Construction of a stable blowup solution with a prescribed behavior for a non-scaling-invariant semilinear heat equation

Abstract

We consider the semilinear heat equation \begin{eqnarray*} \partial_t u = \Delta u + |u|^{p-1} u \ln ^{\alpha}( u^2 +2), \end{eqnarray*} in the whole space $\mathbb{R}^n$, where $p > 1$ and $ \alpha \in \mathbb{R}$. Unlike the standard case $\alpha = 0$, this equation is not scaling invariant. We construct for this equation a solution which blows up in finite time $T$ only at one blowup point $a$, according to the following asymptotic dynamics: \begin{eqnarray*} u(x,t) \sim \psi(t) \left(1 + \frac{(p-1)|x-a|^2}{4p(T -t)|\ln(T -t)|} \right)^{-\frac{1}{p-1}} \text{ as } t \to T, \end{eqnarray*} where $\psi(t)$ is the unique positive solution of the ODE \begin{eqnarray*} \psi' = \psi^p \ln^{\alpha}(\psi^2 +2), \quad \lim_{t\to T}\psi(t) = + \infty. \end{eqnarray*} The construction relies on the reduction of the problem to a finite dimensional one and a topological argument based on the index theory to get the conclusion.
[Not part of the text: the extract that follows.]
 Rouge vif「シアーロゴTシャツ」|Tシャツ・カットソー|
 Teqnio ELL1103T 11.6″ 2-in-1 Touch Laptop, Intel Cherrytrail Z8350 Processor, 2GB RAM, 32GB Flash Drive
By the interpretation of the parameters of the finite dimensional problem in terms of the blowup time and the blowup point, we show the stability of the constructed solution with respect to perturbations in initial data. To our knowledge, this is the first successful construction for a genuinely non-scale invariant PDE of a stable blowup solution with the derivation of the blowup profile. From this point of view, we consider our result as a breakthrough.